Buñuel règle son compte au petit criminel qui meurt sous les balles dans la rue. Réduit ou non au seul phantasme, la part d’ombre est éliminée. La bourgeoisie, elle (Deneuve, Piccoli), même avilie par un comportement qui n’appartient pas à ses codes, retrouve le confort des grands appartements et peut à nouveau se complaire dans l’illusion.

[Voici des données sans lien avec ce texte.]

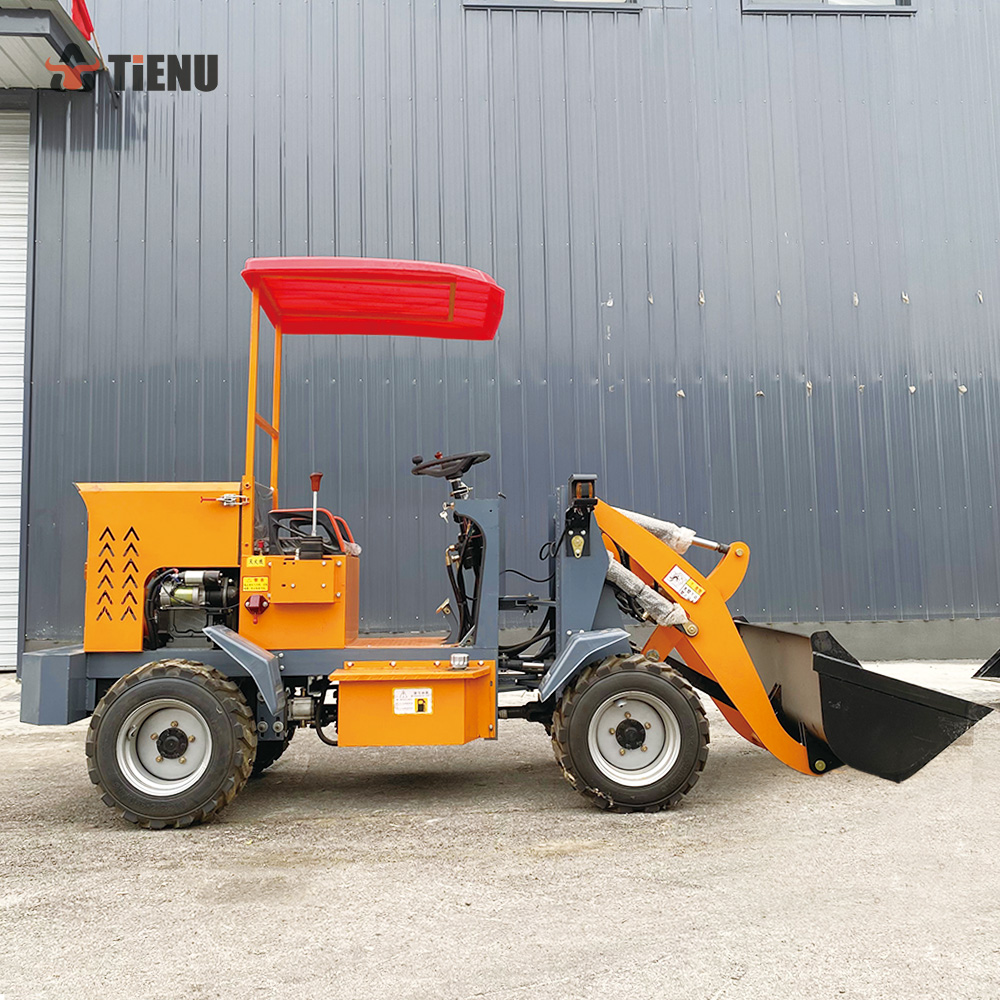 Mini Wheel Loader with Bucket  - đánh giá và giá Wheel Loader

[1] Cueillie par Buñuel, Deneuve enchaîne des rôles contrastés avant de tourner une deuxième fois avec Jacques Demy : Belle de jour et Répulsion (Polanski, 1966), Les demoiselles de Rochefort (1967).
[2] Pierre Clémenti, chaussette trouée sous la bottine luisante. Pas Belmondo mais pas loin, il est introduit par le cri d’un vendeur de journal sur les Champs-Élysées, « New York Herald Tribune ! » (A bout de souffle, Godard, 1959).
[3] La prise de conscience qu’a Séverine de l’état de son mari impressionnent dans sa réalisation comme celle du cadavre découvert par Lydia dans Les oiseaux (1963). En trois plans terrifiants, Hitchcock nous rapprochaient des orbites noires du mort. En trois temps également, mais d’une façon plus sophistiquée (travelling arrière, mouvement descendant et contre-plongée), Buñuel aussi nous fait peur.
[4] Michel Aubriant, Paris-Presse, le 8 juin 1967. Voir l’accueil critique du Belle de jour sur le site de La cinémathèque française.
[5] Ne dévergonde-t-il pas lui-même Catherine Deneuve et Macha Méril, toutes deux venant de jouer les jeunes filles convenables dans Les parapluies de Cherbourg (Demy, 1964) et Une Femme mariée (Godard, 1964) ?

Une analyse à voir et écouter de Belle de jour par le cinéaste et historien du cinéma Noël Simsolon faite en 2007 à l’initiative du Forum des images.

Une réponse à “Belle de jour”

  1. Très beau film, en effet, que ce Belle de jour même si mon souvenir demanderait à être rafraichi. Bunuel disséquant les mœurs de la bourgeoisie – et s’en moquant (Le journal d’une femme de chambre, Le charme discret de la bourgeoisie) -, c’est toujours du plus haut intérêt (et souvent fort drôle avec son penchant naturel pour le surréalisme) ce qui s’ajoute à d’extraordinaires qualités de mise en scène. Il faudrait que je me penche plus sur son œuvre.